Italian Prime Minister Giorgia Meloni adopted a ‘realistic’ €24 billion budget bill at a press conference on Tuesday, as bloc countries prepare for a world where EU deficit rules, put aside since the pandemic, will likely come back to haunt them. Read more.
Two-thirds of the budget, or €16 billion, will be covered by extra deficit spending, while only one-third, approximately €8 billion, will come from spending cuts.
With the EU’s 3% deficit rule set to come back into effect and with Stability Pact reform still at a standstill, Italy exposes itself to the risk of an infringement procedure.
On taxation, labour and pensions, the announced budget bill foresees financing the tax wedge cut with a €10 billion lever and allowing self-employed workers with a turnover of up to €170,000 to pay off taxes in January rather than in November.
The budget also includes measures to encourage companies to hire mothers and young professionals.
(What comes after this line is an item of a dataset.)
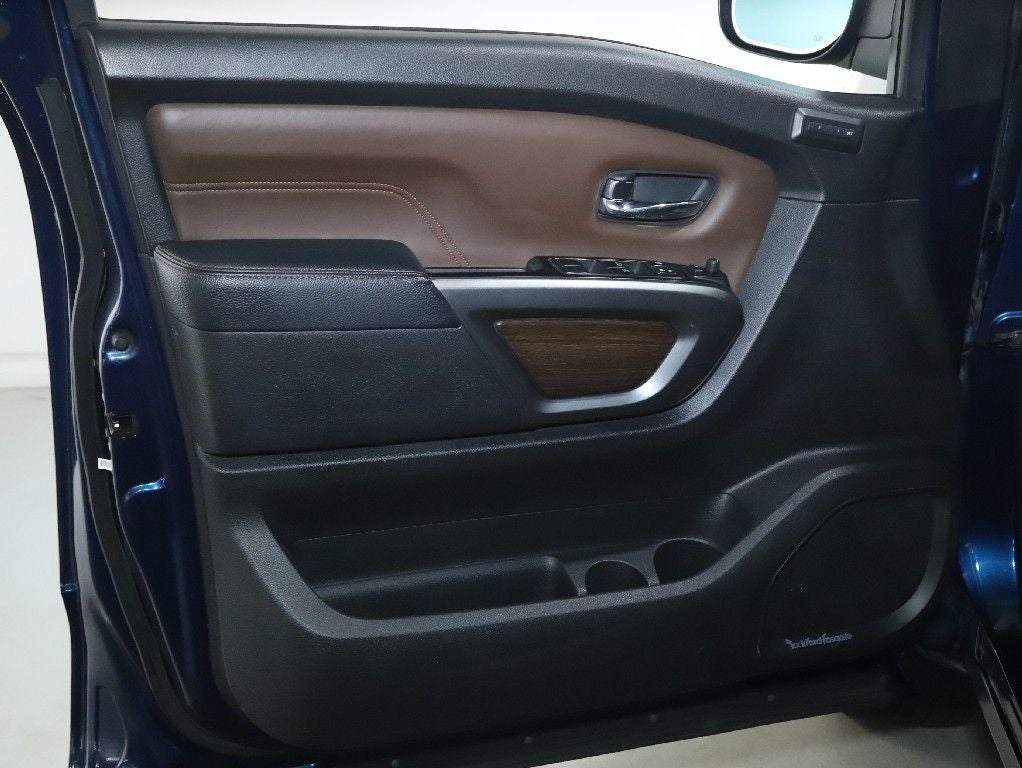 2017 Nissan TITAN Platinum Reserve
Companies returning from abroad to invest in Italy will also receive a 50% reduction in income tax for five years.
At the same time, the government decided to raise the minimum retirement age from 62 to 63, although the number of years of work required will remain at 41, except for men who are carers, unemployed, disabled or heavy workers, for whom only 36 years of work will be required, or women, for whom it is 35 years.
Another important part of the budget is state support for families.
In its budget, the government has decided to allocate €1 billion to large families while reconfirming the daycare bonus.
Meloni told a press conference that the state will contribute to working mothers for one year if they have two children and permanently for mothers with three (until the last child reaches the age of majority).
However, the so-called ‘super bonus’, which could be claimed for modernising buildings by reducing seismic risk to installing photovoltaic systems, was adopted under the Conte government in 2020 and has since come under considerable criticism, particularly from members of the current government, has been scrapped.
Meanwhile, about €5 billion will be allocated to renew public administration contracts.
As for healthcare, an additional €3 billion will be provided on top of the initial €133 billion. While €2 billion of the three will go onwards hiring new doctors, the remainder will be used to reduce waiting lists.
More controversially, the new budget includes a measure that imposes an annual contribution of €2,000 for non-EU foreigners residing in Italy who wish to use the national healthcare system.
The new budget also addresses the Stretto bridge project in Messina, which has been discussed for decades and is now set to link the southern regions of Sicily and Calabria, even though the budget needs to cite how much such an endeavour will cost.
Infrastructure Minister Matteo Salvini, who assured the presence of “financial coverage,” did not provide numbers.